中国北部・河北省唐山市で7月末に開かれた合同就職面接会には、就職活動中の学生や、その保護者ら大勢が詰めかけていた。
中国では6~7月が大学の卒業シーズンで、7~9月の入社が一般的だ。卒業1年前から就職活動は始まる。しかし、面接会には大学卒業後も就職先が決まらない若者の姿も多かった。
面接会は、電子機器や医薬品など約80の企業・団体が1500人以上の採用枠を用意したと宣伝していたが、参加した男子学生は「給料が少ないところばかり」と肩を落としていた。
北京市内で仕事を探していた于暁竜(ユーシャオロン)さん(24)はIT企業を中心に約6000社に履歴書を送った。ある面接で「あなたの代わりはいる」と言われ、不採用になった。8月下旬にようやく就職は決まったが、「中国人は多過ぎて競争が激し過ぎる」と嘆いた。
若者の失業率は高止まりしている。国家統計局が先月発表した7月の16~24歳(学生を除く)の失業率は、前月より3・3ポイント悪化して17・8%となった。全世代の失業率を大きく上回る。
実態はさらに深刻な可能性もある。16~24歳の失業率は、2023年6月に21・3%と過去最悪を更新後、中国政府は公表を中止した。同年12月に再開したが、就職希望の学生を除外する新たな集計方法に変更したことで失業率は下がった。
中国の大手求人サイト「智聯招聘」が発表していた学生の内定率も24年4月中旬時点で47・8%に下がったが、その後は公開を控えており、さらに悪化している可能性もある。
中国経済は、21年に表面化した不動産不況で消費が低迷し、製造業や金融業にも波及して企業が採用を絞り込む傾向が続いている。若者に人気のIT企業に対し、市場での支配的地位の乱用などを理由に中国政府が規制を強めた影響も大きい。一方で25年の大学卒と大学院修了者は前年比43万人増の1222万人と、過去最多となり、就職難に拍車をかけている。
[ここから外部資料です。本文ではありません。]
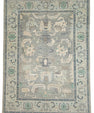 Oushak Rug 9' x 12'3'' #24931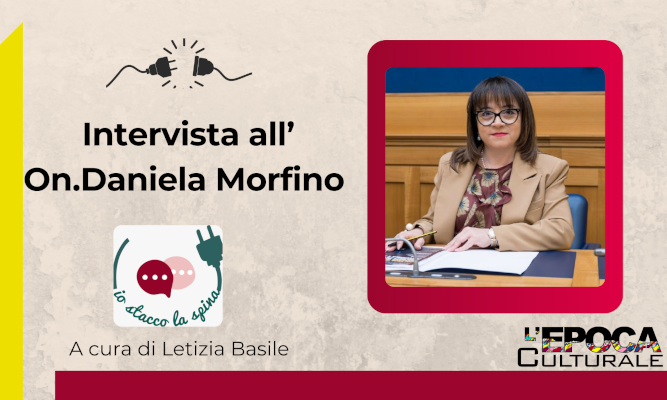 Intervista all’On.Daniela Morfino  sui temi cruciali della tutela dei minori nella dimensione digitale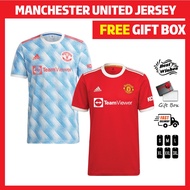 MANCHESTER UNITED JERSEY | JERSEY  MU 2021 2022 |  JERSEY MAN UNITED | MAN U JERSEY | FANS ISSUE [SH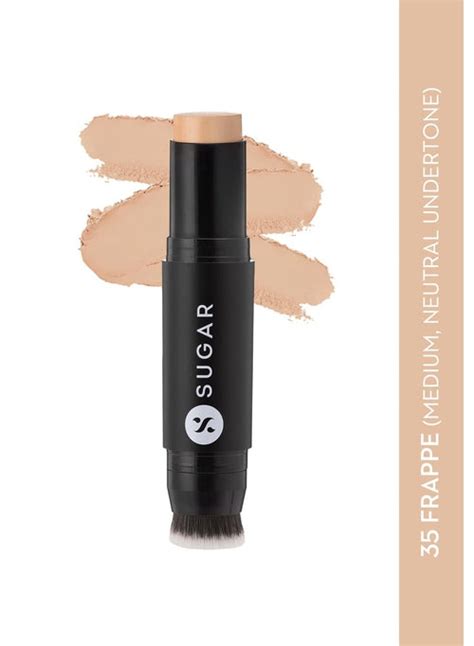 Ace Of Face Foundation Stick - 17 RAF (Light, Golden Undertone)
中国政府も危機感を強めている。中国共産党は7月末、習近平(シージンピン)総書記(国家主席)主宰の政治局会議で、今年後半の経済方針として「雇用の安定」を第一の課題に挙げた。地方の農村で農業や教育支援などに大学卒業生を派遣する事業などを展開するが、効果は不透明だ。中国のSNSでは、就職難への不満を表す投稿が拡散している。
中国の労働市場に詳しいみずほリサーチ&テクノロジーズの月岡直樹氏は「米中貿易戦争で景況感が悪化すれば、企業がさらに採用を控える。就職難が加速すれば、住宅や車など若年層の購買意欲が下がり、長期的な景気の下押し圧力になりかねない」と指摘する。